== Work order ==
Give again, exactly and only, the lines running from the one with "a bathroom with" to the end of the material below; leave out pictures.

== Stored data ==
- Opening Delimiter -

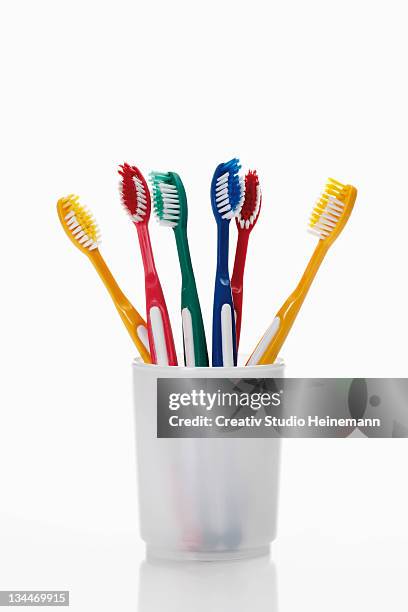 toothbrushes in a toothbrush tumbler - colourful studio shots stock-fotos und bilder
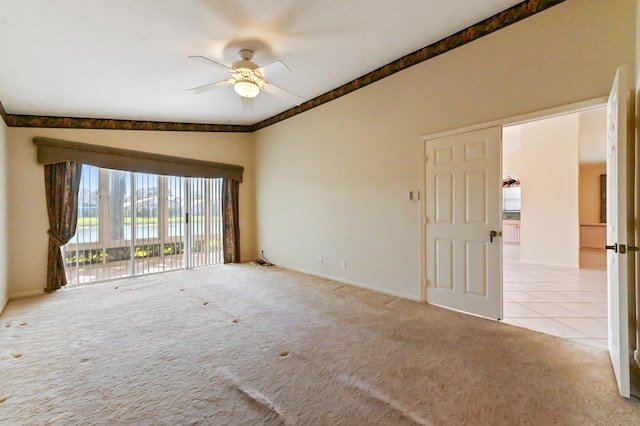 empty room featuring ceiling fan and light colored carpet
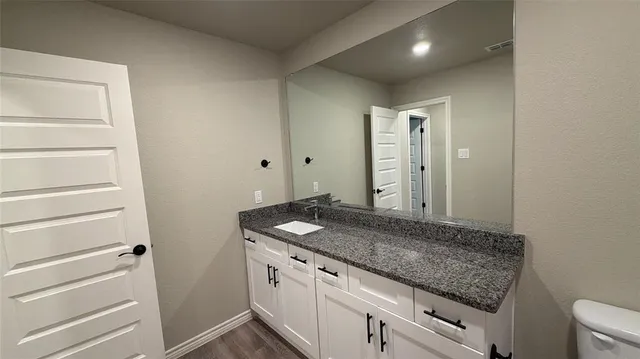 a bathroom with a granite countertop sink and a mirror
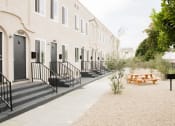 Thumbnail 9 of 10 - the outside of a building with a picnic table and benches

- Closing Delimiter -

== Answer ==
 a bathroom with a granite countertop sink and a mirror
 Thumbnail 9 of 10 - the outside of a building with a picnic table and benches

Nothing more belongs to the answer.